Looks like there's a good chance we are about 3 weeks out from the start of the Wednesday night Sundown sessions! I will be there the night of 12/5. Anyone else?


----------



## bvibert (Nov 14, 2007)

I'll try to be there for sure!  Hopefully they'll be open during the week at that point.


----------



## MRGisevil (Nov 14, 2007)

Yup.
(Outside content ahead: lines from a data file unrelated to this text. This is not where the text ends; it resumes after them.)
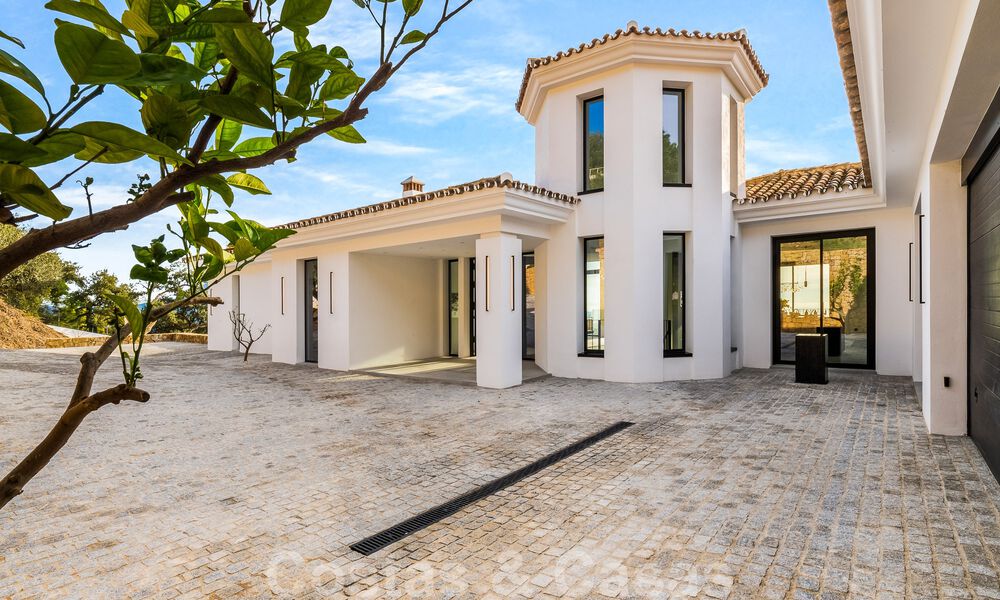 Villa mediterránea de lujo en venta con un toque contemporáneo e impresionantes vistas al mar en el exclusivo complejo La Zagaleta Golf, Benahavis - Marbella 49354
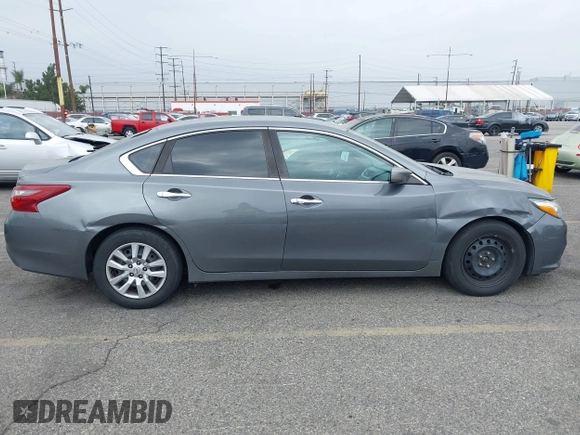 2018 Nissan Altima SV with VIN 1N4AL3AP3JC162204, listed as a IAAI auction lot 41903783 with 95,849 mi miles and . Bid and sale history available at carsss.com. Image 13.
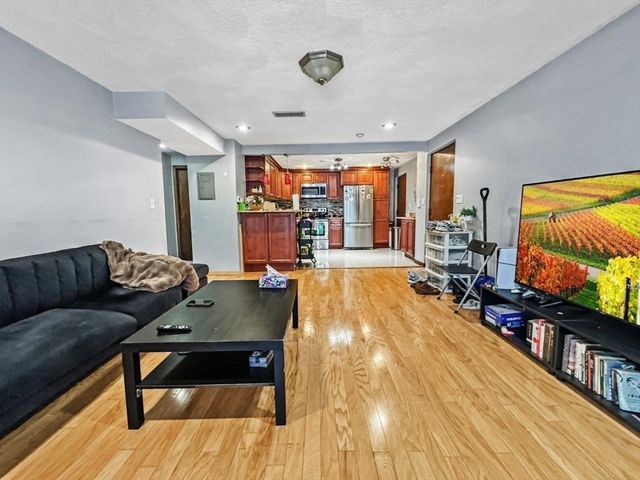 305 Riverside Ave 24, Medford, MA 02155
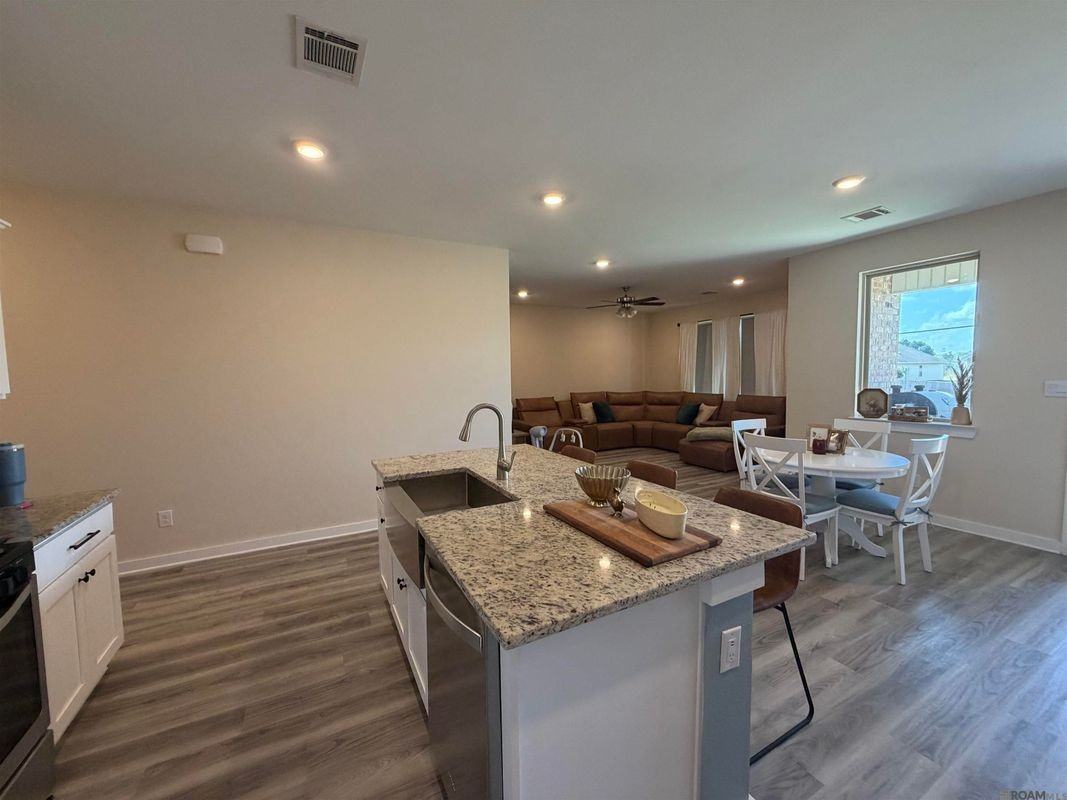 12850 Silverbell Ave - Photo 6 of 15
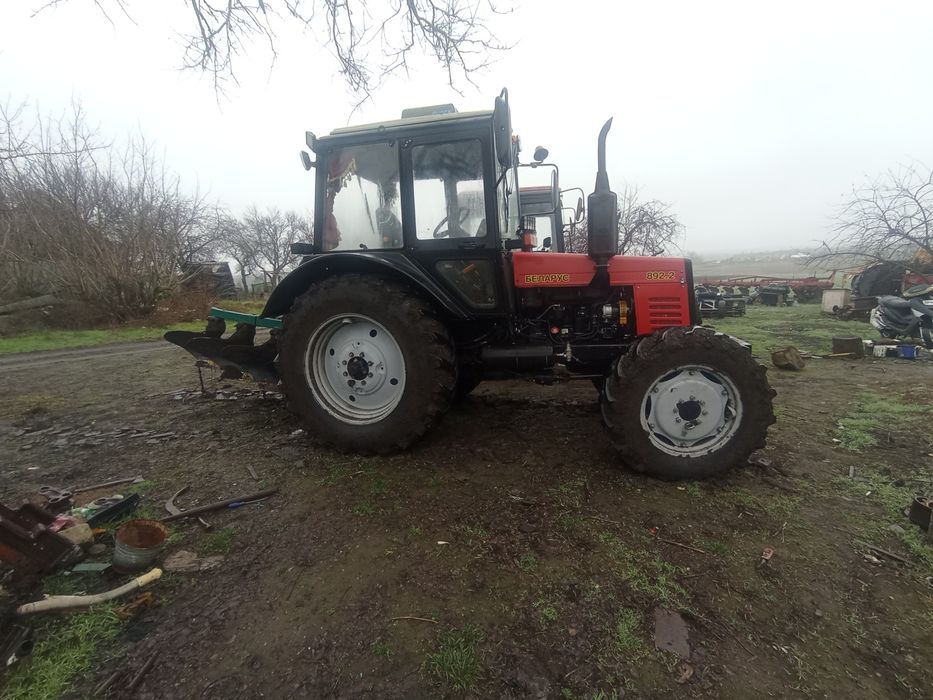 Трактор колісний МТЗ 892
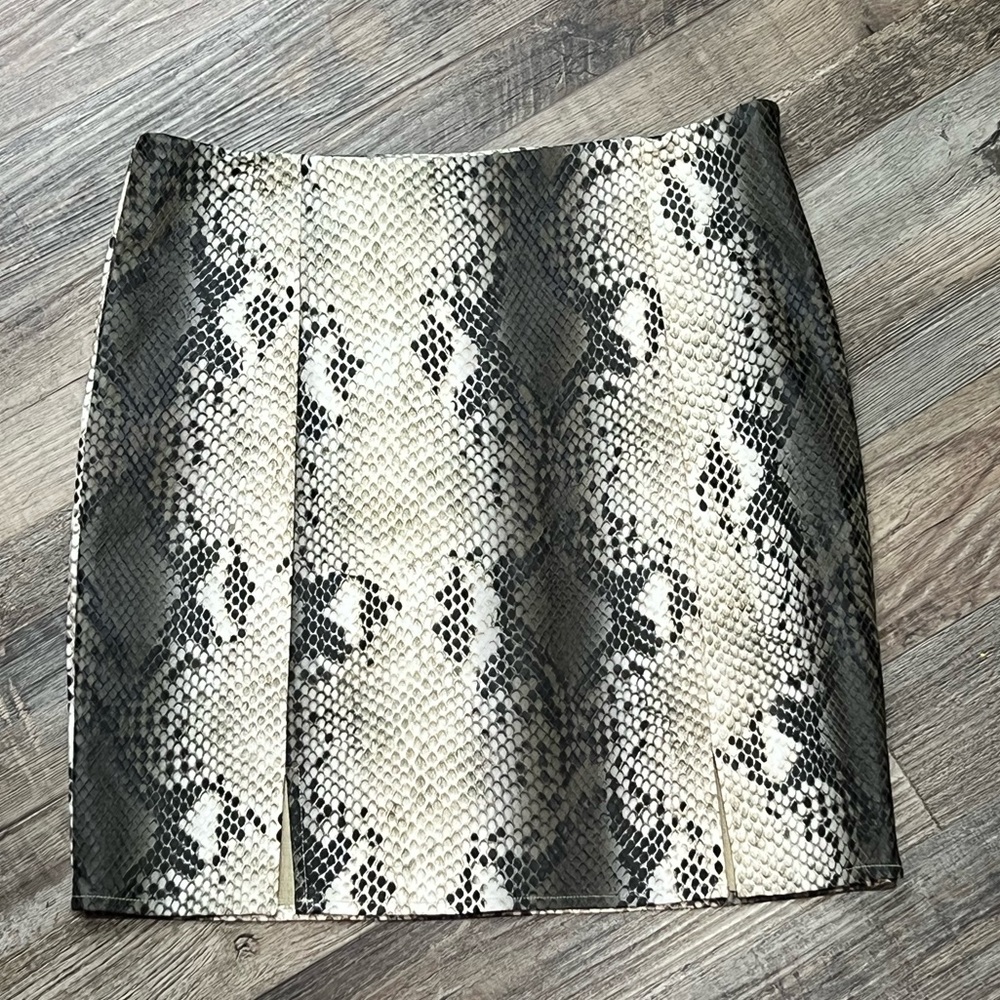 Salty Snake Skin Faux Leather Skirt (NWT) / Size: Small / Color: Green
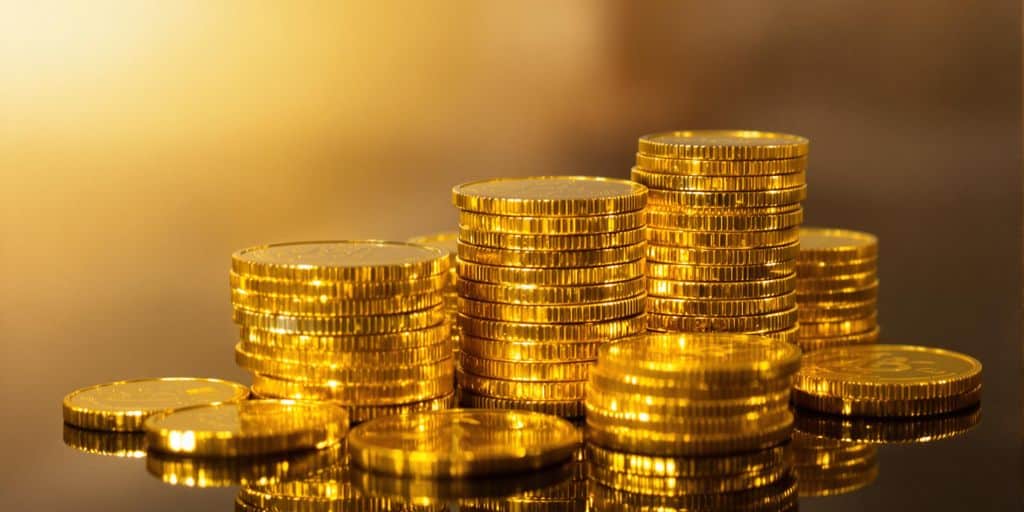 Pièces d'or empilées brillamment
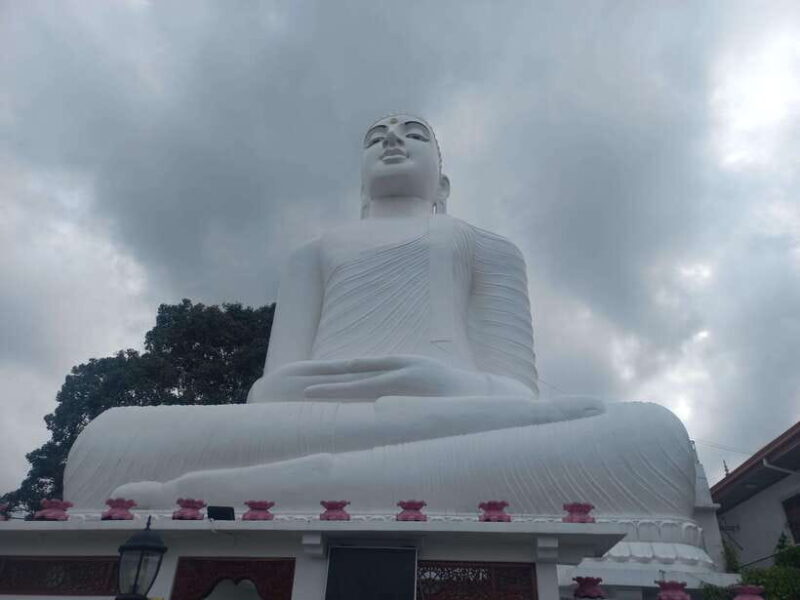 Kandy: City Tour by Tuk Tuk free hotel pickup and drop-off - Who Should Consider This Tour?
If it's open count me in!


----------



## Grassi21 (Nov 14, 2007)

Ummm..... I don't know..... maybe if.......

IN!


----------



## loafer89 (Nov 14, 2007)

I'm thinking about it, though it will be without Warren.


----------



## Yooper (Nov 14, 2007)

I have a meeting tomorrow night (Thurs 15th) at Sundown with Management, will post the lastest on what their opening intentions are. I plan on being there the first Wed they are open.


----------



## Grassi21 (Nov 14, 2007)

Yooper said:


> I have a meeting tomorrow night (Thurs 15th) at Sundown with Management, will post the lastest on what their opening intentions are. I plan on being there the first Wed they are open.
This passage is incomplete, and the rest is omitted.